As used herein, “determining” may encompass a variety of actions. For example, “determining” may include calculating, computing, processing, deriving, investigating, ascertaining, and/or the like. Furthermore, “determining” may also include receiving (e.g., receiving information), accessing (e.g., accessing data in a memory), and/or the like. Also, “determining” may include resolving, selecting, choosing, calculating, establishing, and/or the like. Determining may also include ascertaining that a parameter matches a predetermined criterion, including that a threshold has been met, passed, exceeded, and so on.

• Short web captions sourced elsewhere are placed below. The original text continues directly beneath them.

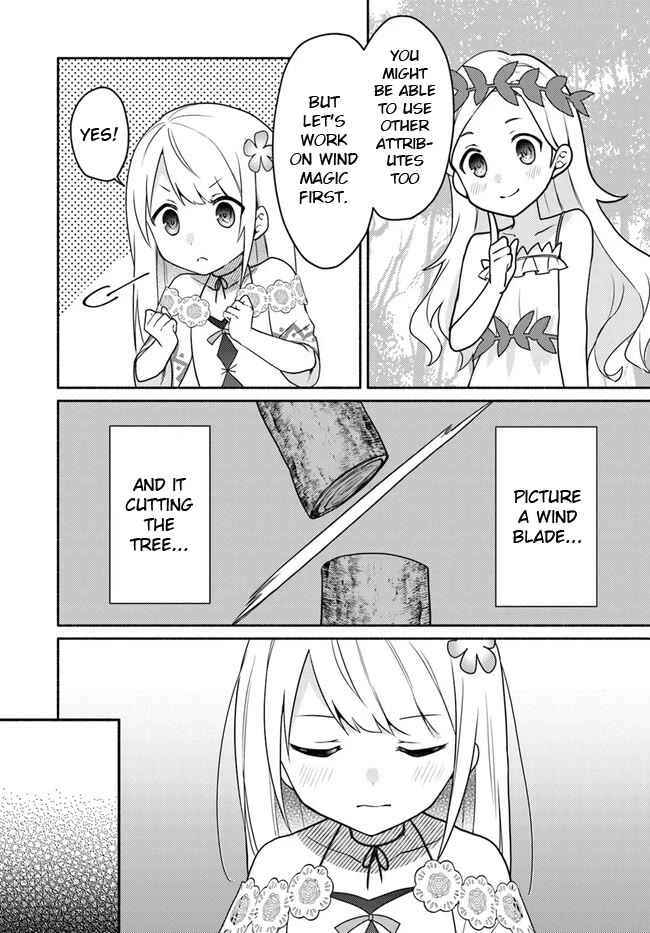 Futago No Ane Ga Miko Toshite Hikitorarete, Watashi Wa Suterareta Kedo Tabun Watashi Ga Miko De Aru - Chapter 20.1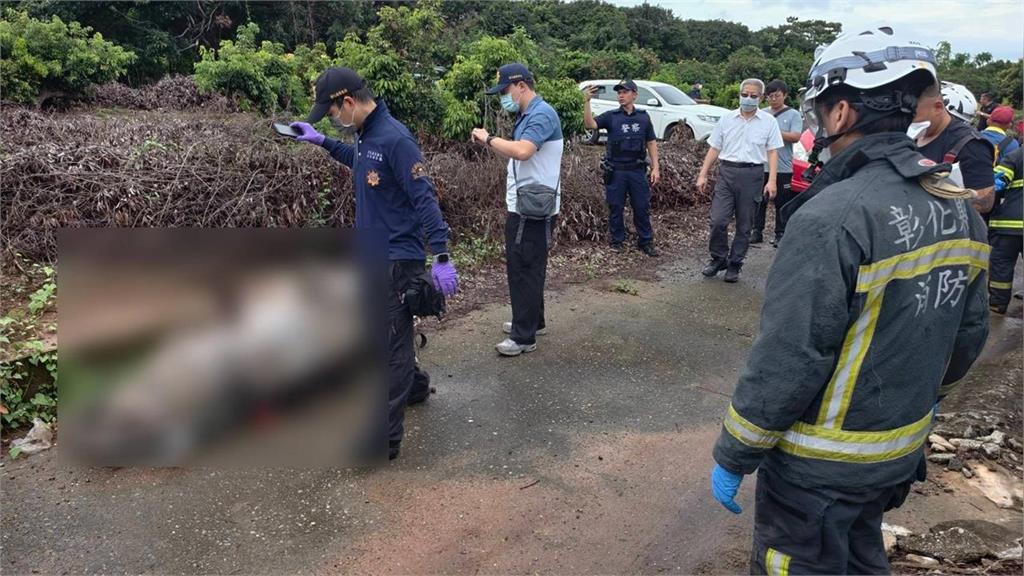 快新聞／彰化「木乃伊女屍」身分曝光！保鮮膜裹屍藏荔枝園　連日豪雨沖出真相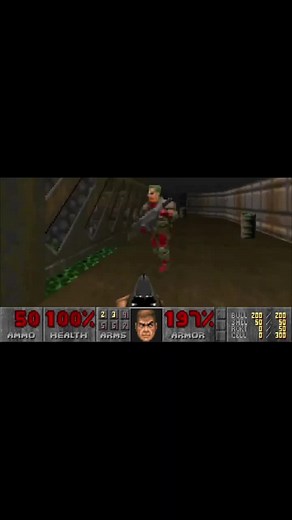 DOOM 1 Gameplay: Exploring the Classic 1993 Experience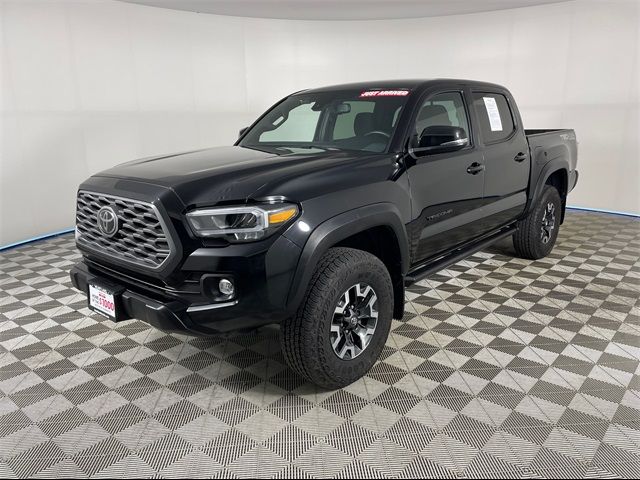 2022 Toyota Tacoma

As used herein, a “resource” may generally refer to objects, products, devices, goods, commodities, services, and the like, and/or the ability and opportunity to access and use the same. Some example implementations herein contemplate property held by a user, including property that is stored and/or maintained by a third-party entity. In some example implementations, a resource may be associated with one or more accounts or may be property that is not associated with a specific account. Examples of resources associated with accounts may be accounts that have cash or cash equivalents, commodities, and/or accounts that are funded with or contain property, such as safety deposit boxes containing jewelry, art or other valuables, a trust account that is funded with property, or the like. For purposes of this disclosure, a resource is typically stored in a resource repository-a storage location where one or more resources are organized, stored and retrieved electronically using a computing device.
As used herein, a “resource transfer,” “resource distribution,” or “resource allocation” may refer to any transaction, activities or communication between one or more entities, or between the user and the one or more entities. A resource transfer may refer to any distribution of resources such as, but not limited to, a payment, processing of funds, purchase of goods or services, a return of goods or services, a payment transaction, a credit transaction, or other interactions involving a user's resource or account. Unless specifically limited by the context, a “resource transfer” a “transaction”, “transaction event” or “point of transaction event” may refer to any activity between a user, a merchant, an entity, or any combination thereof. In some embodiments, a resource transfer or transaction may refer to financial transactions involving direct or indirect movement of funds through traditional paper transaction processing systems (i.e. paper check processing) or through electronic transaction processing systems. Typical financial transactions include point of sale (POS) transactions, automated teller machine (ATM) transactions, person-to-person (P2P) transfers, internet transactions, online shopping, electronic funds transfers between accounts, transactions with a financial institution teller, personal checks, conducting purchases using loyalty/rewards points etc. When discussing that resource transfers or transactions are evaluated, it could mean that the transaction has already occurred, is in the process of occurring or being processed, or that the transaction has yet to be processed/posted by one or more financial institutions. In some embodiments, a resource transfer or transaction may refer to non-financial activities of the user. In this regard, the transaction may be a customer account event, such as but not limited to the customer changing a password, ordering new checks, adding new accounts, opening new accounts, adding or modifying account parameters/restrictions, modifying a payee list associated with one or more accounts, setting up automatic payments, performing/modifying authentication procedures and/or credentials, and the like.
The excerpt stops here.